The Aussie dollar didn’t react to the worries of the stock market last week, indeed it gained strength both against the US dollar and across the board. It appears that global investors, wary of a US default, have once again begun to park their money in the Aussie dollar and Australian dollar assets as it takes on the role of “safe harbour” once again.
But the notion of safe harbour also assumes that the Aussie dollar will fall again once the US shutdown ends and once the debt ceiling is resolved.
However the price action in the Aussie over the past 24 hours looks like a run higher might be on the cards.
So who better to ask than well-known Aussie Dollar bull, Clifford Bennett from Investor Unity, for his thoughts.
Bennett told BI:
The fact that it has proven the majority wrong and continued to push higher is a testament to the fact that we a part of Asia, and Asia in general, particularly China, continues to be very well managed economically. In recent years we under-performed by any measure of the domestic economy, but strong export demand lead by China saved the day. Now with a fresh spring in the step of most Australian business managers and investors post federal election, combined with continued strong resource demand as always forecast here, there are rather solid foundations for my predicted move back to parity and beyond.
From a positioning point of view Bennett is dead right. If traders expect an asset to fall then they sell it short in the hope of buying it back cheaper at some point in the future.

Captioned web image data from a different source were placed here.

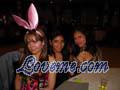peru-women-2
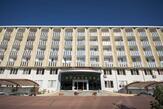 Divaisib Termal Resort Hotel & Spa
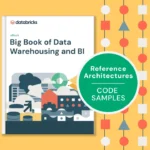Big Book of Data Warehousing and BI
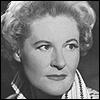 Peggy Thorpe-Bates Peggy Thorpe-Bates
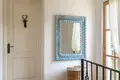 Maison 3 chambres 353 m² Mojdez, Monténégro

But there is a pain point that once the asset trades above they will close their position, by buying, which further propels the price higher.
That level in the Aussie dollar looks like it is 95.2c
A short time ago (11.13am AEDT) the Aussie was at 95.14c.

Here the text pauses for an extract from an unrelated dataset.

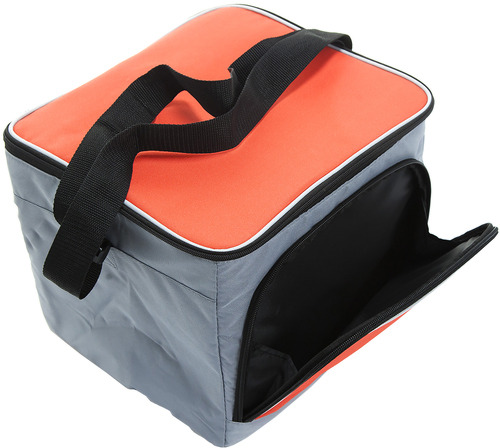 Сумка - изотермический контейнер Thermos Brend 30 Can C 23л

Longer term he remains very bullish which will, if it comes true, be a big shock to corporate Australia and the federal Government’s budgetary position.

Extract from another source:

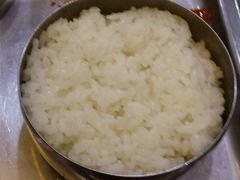 -神仙雪浓汤(明洞店)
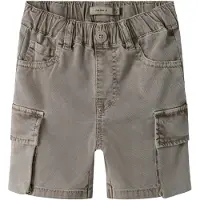 Name it Ben 7805 Cargo Housut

Short term the AUD is a bargain if seen in the low 94 cent region, but is more likely already on its way to 97-98 cents. Above parity remains my call by year end. Next Year the risk is significantly higher. Overall the math remains quite simple, 23 million people sitting on the world’s wealthiest pile of rocks, and 2 billion people want those rocks. In terms of global financial market forecasting, it doesn’t get any more straight forward.
The Australian dollar float has always worked in favour of the RBA’s policy and toward economic stabilisation for the Australian economy. Something has changed since 2009 and that something increasingly looks like China and our AAA rating which remains rock solid.